Here's a sanity check: Although ice has a Young's modulus of ~9 GPa when measured by the speed of sound, most practical measurements show it to be more like ~1 GPa in actual structural use. Euler buckling is typically the critical issue in building a tall column (or wall). The critical length of a tall column constrained by Euler buckling is L = .792 * (E/rho)^(1/3) * d^(2/3) where E is Young's modulus, rho is specific weight (density*g), and d is the diameter of the column. If the diameter of the column is ~10 pi feet, then the critical height is ~700 feet. Ice crush strength is ~3.5 MPa, so the pressure at the base of the wall is ~55% of the crush strength. So such an ice wall could barely stand (at least for a little while) on its own. However, I still suspect that it could not resist actual wind loads, and ice has a tendency to creep, and it starts to lose strength above -15 degrees C. So I take my hat off to the Game of Thrones writers -- they either guessed right, or had a structural engineer perform some quick sanity checks. Given that many CGI engineers know a lot about structural mechanics, it's conceivable that the CGI people themselves fed back information to the writers about the max height of the ice wall. At 02:08 PM 11/20/2016, Henry Baker wrote:
The TV series 'Game of Thrones' claims a 700' high ice wall.

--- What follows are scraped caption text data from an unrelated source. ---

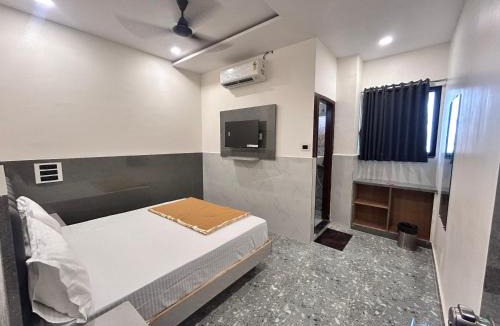 Surat District Hotel | Hotel Madhav Palace
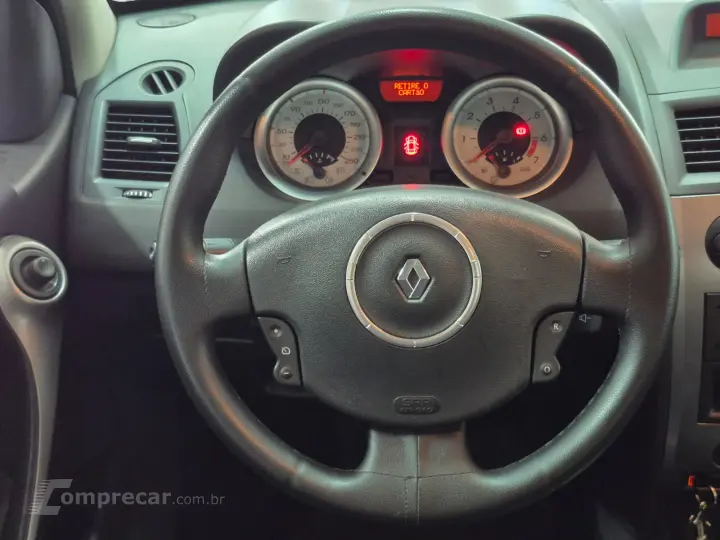 Megane Sedan Dynamique 1.6 16V (flex)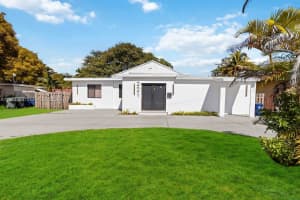 221 Ne 4th St, Hallandale Beach 221 Ne 4th St, Hallandale Beach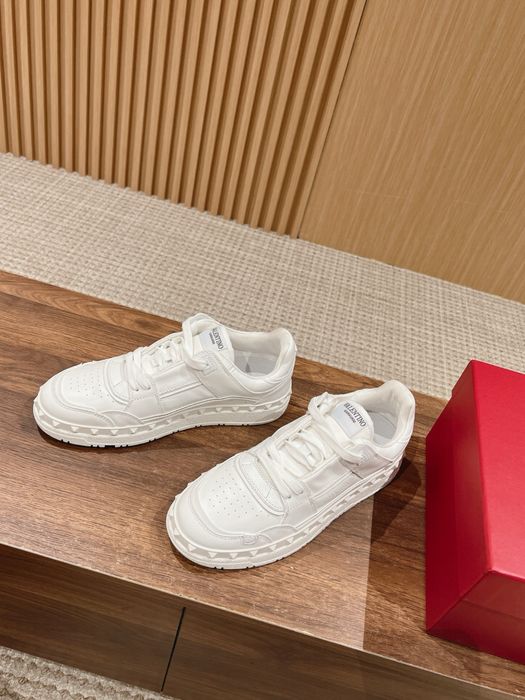 Adidasi Valentino 35-45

Game of Thrones uses significant amounts of CGI, so the only place this ice wall exists is inside a computer.
Nevertheless, could a real ice wall of its dimensions be built and stand?
In various scenes, the ice wall is essentially vertical.
I haven't seen the more-or-less vertical ice walls created by 'calving' glaciers personally, so I don't know whether any of them attain 700' in height.
However, unlike those glacier ice walls, the Game of Thrones ice wall is 2-sided, and is warmer on one side -- enough to 'weep' under the sun.
Sooooo...
Based on standard Earth gravity and standard water ice, is a 700' ice wall possible?
Note that the GoT ice wall is flat, so it doesn't gain any stability from being curved, and as a result, could probably not stand up to the high winds that its mere presence would generate.
Ice is only a tad lighter than water, and 700' is approx. 22x the 32' of water that equals 1 atmosphere.
I don't think that WWII *steel* submarines could withstand 700' depths of water, so the pressure at the bottom of such a wall would be quite high and would likely require some reinforcement.